What a beautiful bike you put together...
 
Oh Ok. I had heard of that from some of the old timers who were instructors at the school I went to back in 1991 and 92. Its Funny, lots of these guys I went to school with had wrenched on aircraft in the military and figured they could just go test out and get there civilian A&Ps. No way man, thats not how it works. Just to prove to a few of them that they couldn't pass anyway. They privately, unofficially allowed a few of them to take an old test to see how they did and not one of them got a score over about 34%percent.. That stopped that idea right in its tracks and shut up alot of the bigmouth Knowitalls real fast. Not one of them could have even come close to passing a single section of the tests. They had to take the entire program themselves like everybody else did.

I thought that was the best part of taking the whole program. I primarily did it to help my skills building dragrace cars. I wrenched on quite a few airplanes and helicopters too but didn't like signing my life away in the logbooks. The ranchers airplanes down here aren't exactly the safest pieces of flying equipment. So I got out of it. I was offered a job as a mechanics recruiter up in Tucson but I told them I use too much profanity and always cuss too much. Ha Ha.
 
Sorry 'bout the hijack guys... but what the heck...

I got into it when I was about 15, doing grunt work at a small ag aircraft factory in my home town. I loved building those planes - I ended up being lead man of the sheetmetal division. Just like building a bike, building a plane from scratch and seeing it fly was a real thrill to me.
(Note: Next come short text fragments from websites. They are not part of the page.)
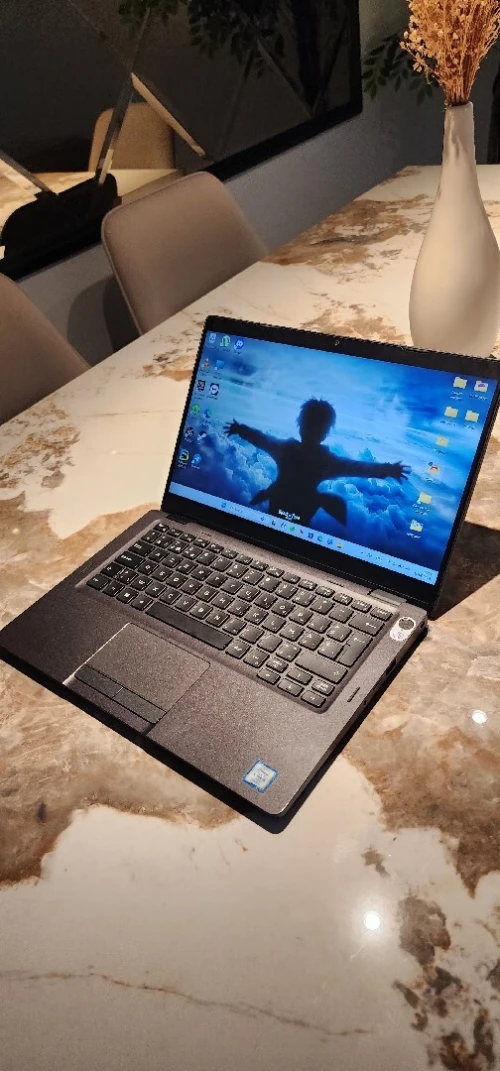 DELL LATITUDE 5300 2-IN-1 I7 8665U 16GB 256GB SSD 13,3 FHD TACTILE X360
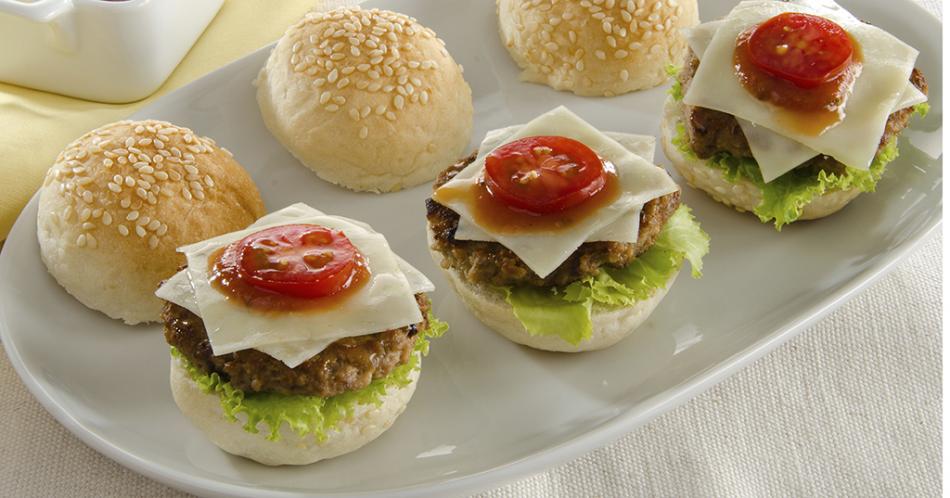 Sorprende a tus hijos con unas deliciosas mini hamburguesas 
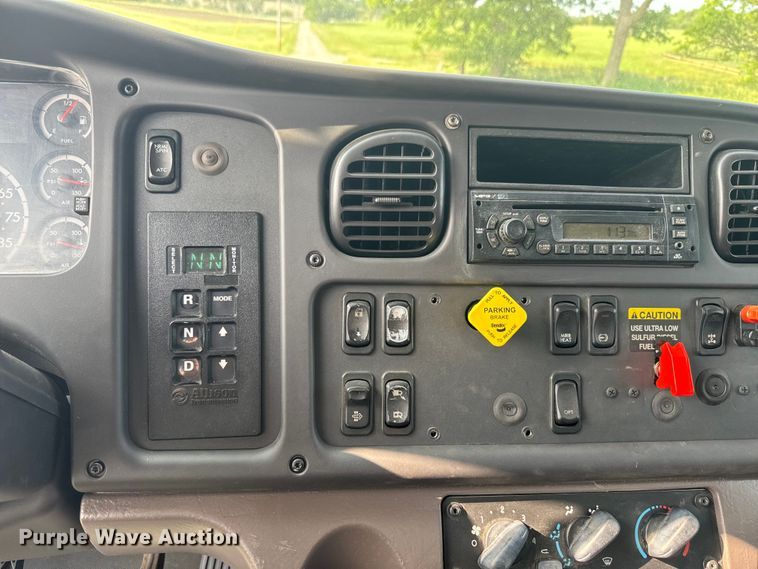 image for item DQ6775 2008 Freightliner Business Class M2  grain truck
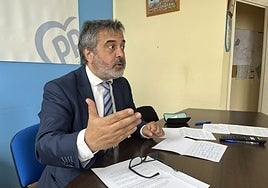 El portavoz del PP de Siero, Juan Luis Berros.
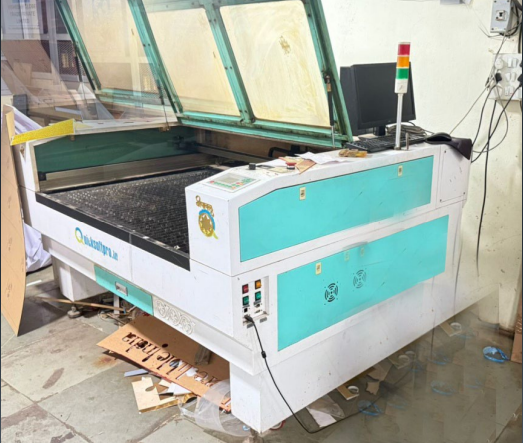 Laser cutting equipment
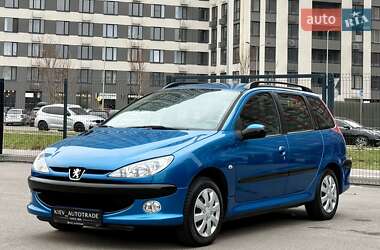 Универсал Peugeot 206 2005 в Киеве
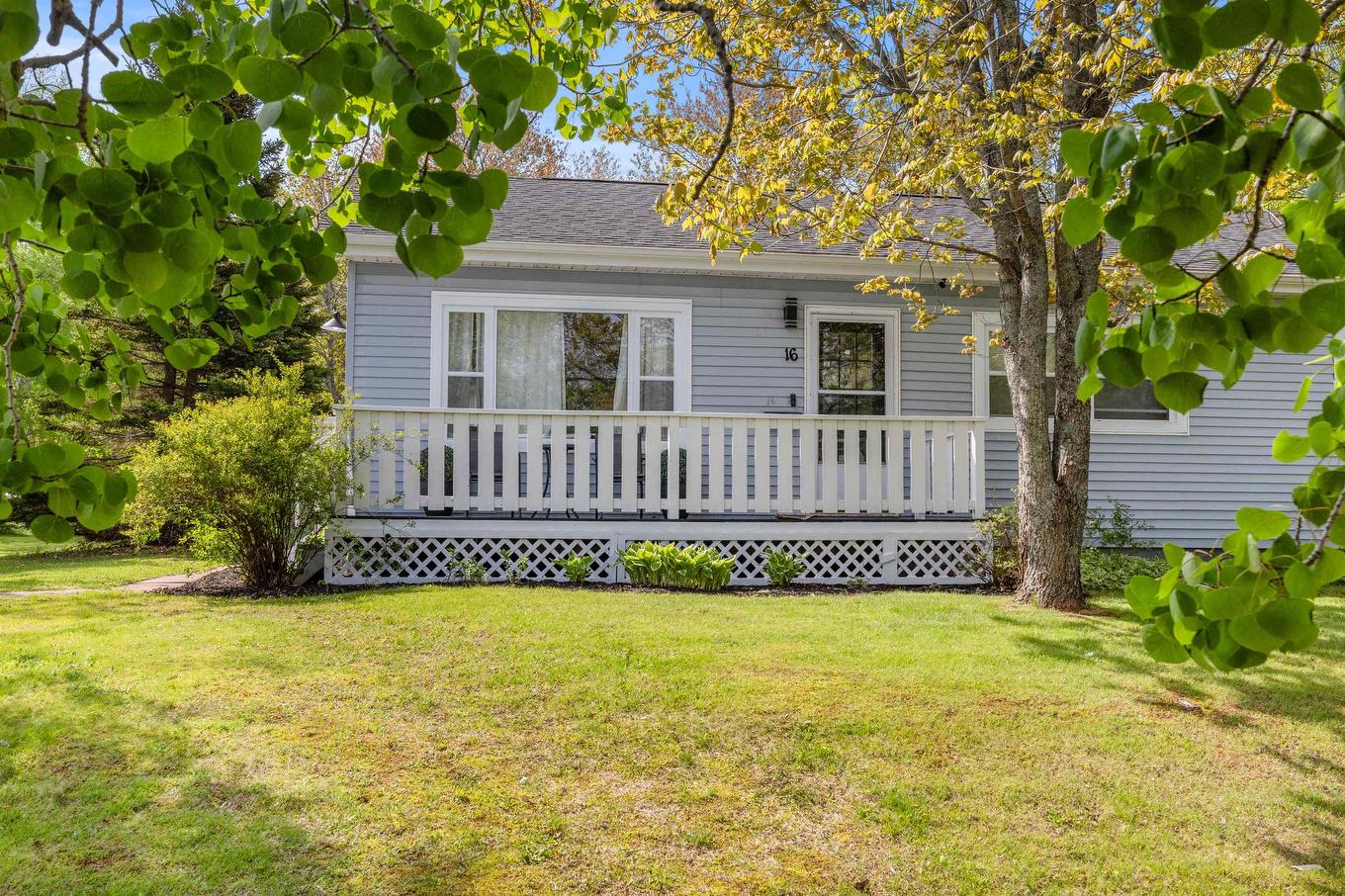 16 Oak Drive, Charlottetown, PE
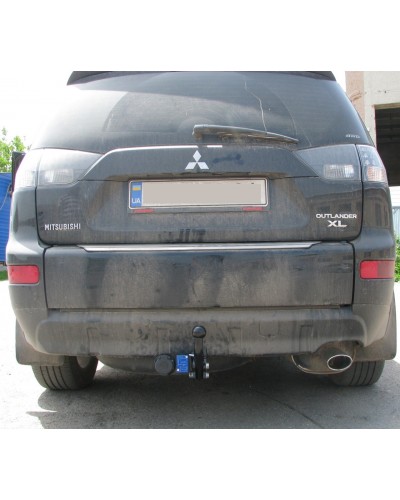 Фаркоп на Mitsubishi Outlander XL (2006-2012) Митсубиси Аутлендер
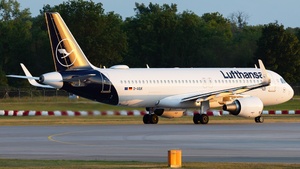 Photo of D-AIUK - Airbus A320-214 operated by Lufthansa
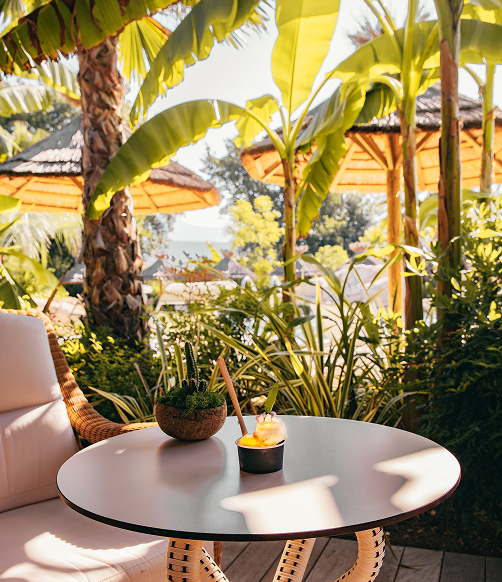restaurant avec piscine​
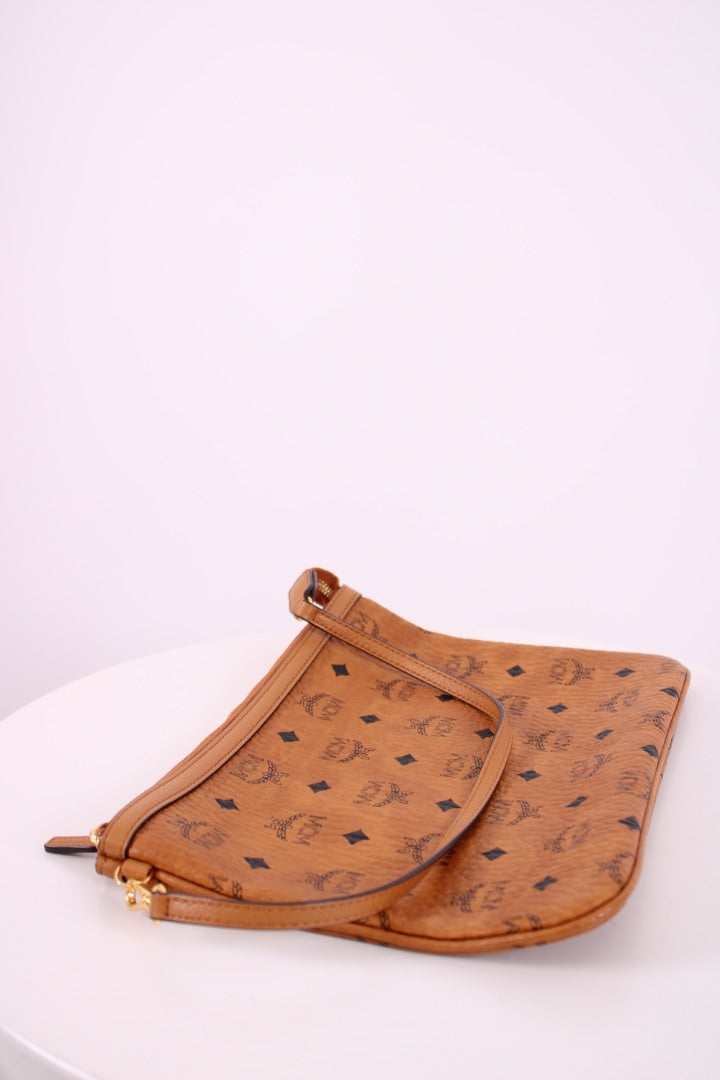 https://cdn.shopify.com/s/files/1/0770/3278/4192/files/IMG_8469_33382094-5c8b-4a81-8324-fc13f601affd.jpg?v=1778686694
I still love the sound of radial engines more than any other. I got out of it in my late 20's because it didn't pay enough to support my family well, but I still missed the work. Most of the guys I worked with were sharp, and I guess I learned about committment to quality then. Later I when I was a small-time bureaucrat in my hometown, I was appointed airport manager (mostly to handle leases) and deal with the FAA. That was pretty cool, I got to mingle with guys who owned a bunch of war birds, a corsair, p-51's, P-40, king cobra... we also had about 3 ag air companies back then when aerial spray was not yet frowned upon, and my old company was still churning out their crop-duster, the Weatherly 201.

Simpler times, and I miss it. I guess like a lot of older guys I'm really feeling like a dinosaur nowadays, but that's the way it goes. Riding is still something I can relate to...simple, man and machine, no excuses, no bs.
 
Sorry 'bout the hijack guys... but what the heck...

I got into it when I was about 15, doing grunt work at a small ag aircraft factory in my home town. I loved building those planes - I ended up being lead man of the sheetmetal division. Just like building a bike, building a plane from scratch and seeing it fly was a real thrill to me. I still love the sound of radial engines more than any other. I got out of it in my late 20's because it didn't pay enough to support my family well, but I still missed the work. Most of the guys I worked with were sharp, and I guess I learned about committment to quality then. Later I when I was a small-time bureaucrat in my hometown, I was appointed airport manager (mostly to handle leases) and deal with the FAA. That was pretty cool, I got to mingle with guys who owned a bunch of war birds, a corsair, p-51's, P-40, king cobra... we also had about 3 ag air companies back then when aerial spray was not yet frowned upon, and my old company was still churning out their crop-duster, the Weatherly 201.

Simpler times, and I miss it. I guess like a lot of older guys I'm really feeling like a dinosaur nowadays, but that's the way it goes. Riding is still something I can relate to...simple, man and machine, no excuses, no bs.

Kawagumby, I know the feeling of being like a dinosaur, trust me. There will always be a place for us. (See below)

I'll let my Berg mates know (especially as I always end up being'trail mechanic' when things go wrong) ha ha

I'm the one always carrying the tool bag with everything I might think I could need on the trail and my bike has never broke down, yet (knock on wood) but I am always it seems the trail mechanic.. So there you go!
 
Well guys, I am an active A&P for a major airline. There is a better alternative to Safety Wire. Its called Safety Cable marketed by Daniels out of Orlando. Takes a special tool of course but when your working on engines it is a real time saver. It is explained here: http://www.dmctools.com/Products/safe-t-cable.html

Anyway, I plan to use that when my shifter bolt comes loose. Mine will look much better than the picture seen above.
 
Well guys, I am an active A&P for a major airline. There is a better alternative to Safety Wire. Its called Safety Cable marketed by Daniels out of Orlando. Takes a special tool of course but when your working on engines it is a real time saver. It is explained here: http://www.dmctools.com/Products/safe-t-cable.html

Anyway, I plan to use that when my shifter bolt comes loose. Mine will look much better than the picture seen above.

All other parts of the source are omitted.